_MATERIAL FOR THE TASK:_

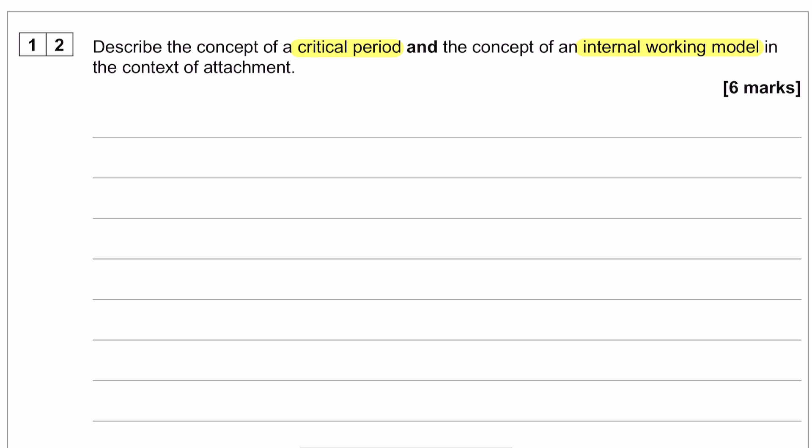For question 12, if you haven't had a go at writing this yet, do so before you look at the model answer. Be aware that the internal working model only comes up in Bowlby's theory of attachment, however the critical period comes up in a variety of different places — in animal research, because Harlow and Lorenz had the idea of a critical period for geese and monkeys, and Bowlby had the idea of a critical period in his theory of attachment and in maternal deprivation. For each of these theories the critical period was slightly different — the concept stayed the same, but the time frame varied depending on the theory.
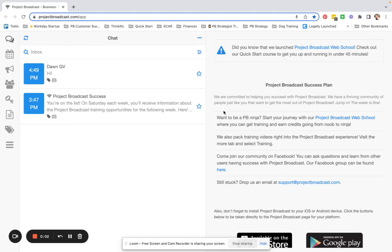Have you been wondering what the difference is between the Do Not Message setting, the Archive setting, and Delete Contacts? If so, this video is going to explain the differences.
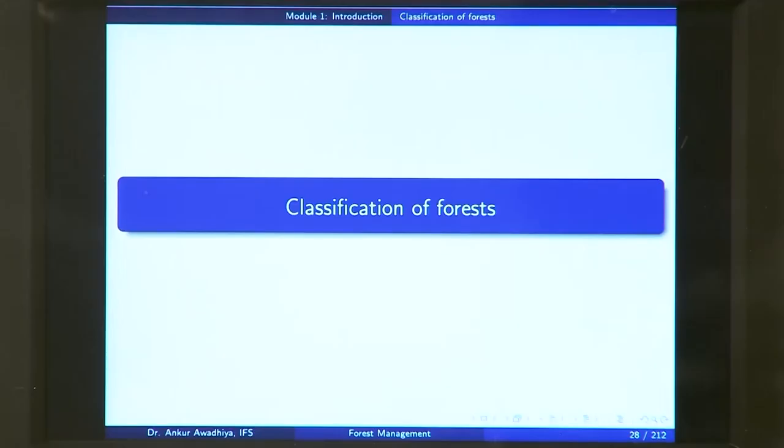Namaste. In the last lecture, we looked at what a forest is, and today we will have a look at the classification of forests.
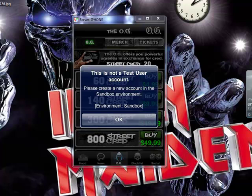Hey YouTube, it's me Metal Trooper back again with another video. In this video we're going to show you a fix if you're getting this pop-up when you try to do an in-app purchase. This only works if you've gotten the app from the App Store, whether it be a free or paid app, and of course this fix is only if you're jailbroken.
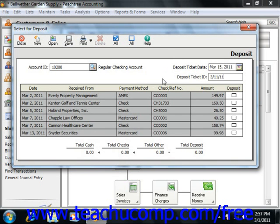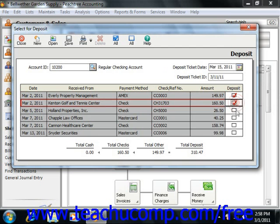Then simply click the Deposit check box at the right end of each line item amount which you received to mark it as being a member of the lump deposit amount. The total will display at the bottom of the screen.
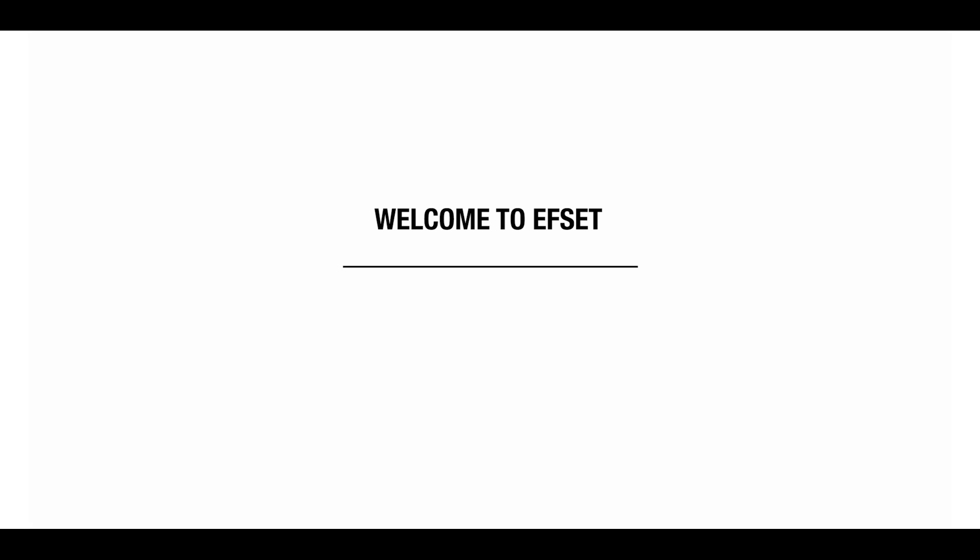Welcome to F-Set. The F-Set is a 50-minute English test which has a reading and listening section.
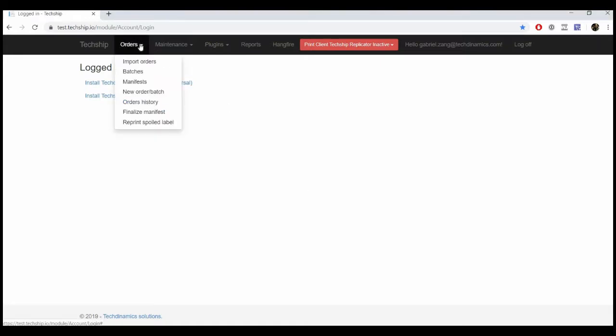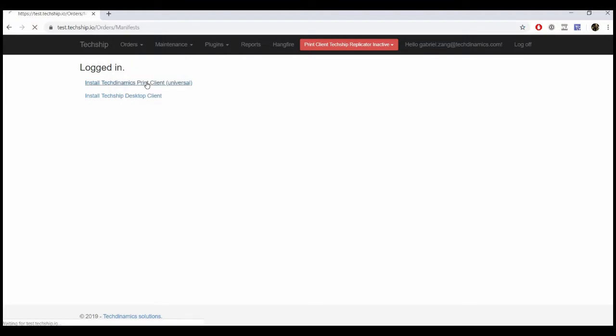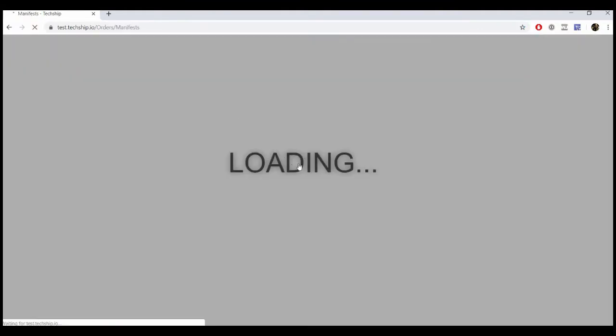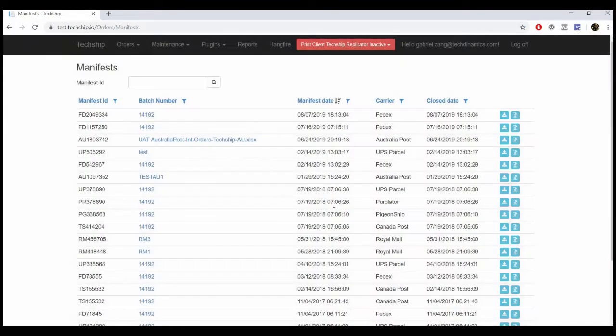To do so, access Manifests under the Orders drop-down, click the Download button of the manifest row that applies to the case.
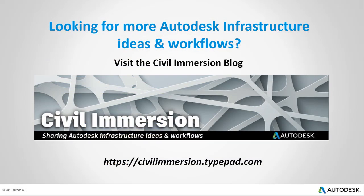Would you like to explore other Autodesk infrastructure ideas and workflows? If so, please visit the Civil Immersion blog by following the URL listed below.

_ASSIGNMENT:_
Reproduce the data above exactly, but only the lines from the one showing "Have you been" through the one showing "Namaste. In the", with both ends kept and the pictures left out.

_EXERCISE RESPONSE:_
Have you been wondering what the difference is between the Do Not Message setting, the Archive setting, and Delete Contacts? If so, this video is going to explain the differences.
Namaste. In the last lecture, we looked at what a forest is, and today we will have a look at the classification of forests.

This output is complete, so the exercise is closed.